He told me he is avalaible tomorow at 2
can i have another match?


----------



## wg93589 (Jan 14, 2017)

Still waiting

--------------------- MERGED ---------------------------

for the @Lucar vs. @TheVinAnator  bracket to start :l


----------



## Chary (Jan 14, 2017)

wg93589 said:


> Still waiting
> 
> --------------------- MERGED ---------------------------
> 
> for the @Lucar vs. Vinanator bracket to start :l


@TheVinAnator Any ETA on y'alls match?

EDIT: Okay everyone, use THIS! to see the standings. Hopefully that clears up the mess and confusion of the thread.


----------



## Armadillo (Jan 15, 2017)

Chary said:


> @TheVinAnator Any ETA on y'alls match?
> 
> EDIT: Okay everyone, use THIS! to see the standings. Hopefully that clears up the mess and confusion of the thread.

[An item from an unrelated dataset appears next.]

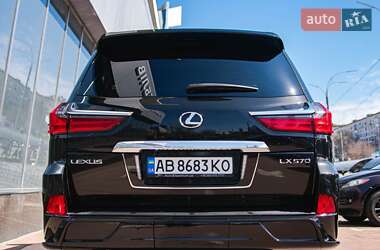 Внедорожник / Кроссовер Lexus LX 2019 в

Nice, nice and easy to see.

Maybe you should edit the opening post with that + the current standings/tournament is locked in. As once more first round games get played, adding extra players won't be possible, like it was this time.


----------



## VashTS (Jan 15, 2017)

count me in, next time maybe lol.


----------



## Yudowat (Jan 15, 2017)

Chary said:


> @TheVinAnator Any ETA on y'alls match?
> 
> EDIT: Okay everyone, use THIS! to see the standings. Hopefully that clears up the mess and confusion of the thread.


I'm sorry I was offline so I couldnt fix anything, but i'm glad you've got a new bracket up


----------



## Deleted-379826 (Jan 15, 2017)

Chary said:


> @TheVinAnator Any ETA on y'alls match?
> 
> EDIT: Okay everyone, use THIS! to see the standings. Hopefully that clears up the mess and confusion of the thread.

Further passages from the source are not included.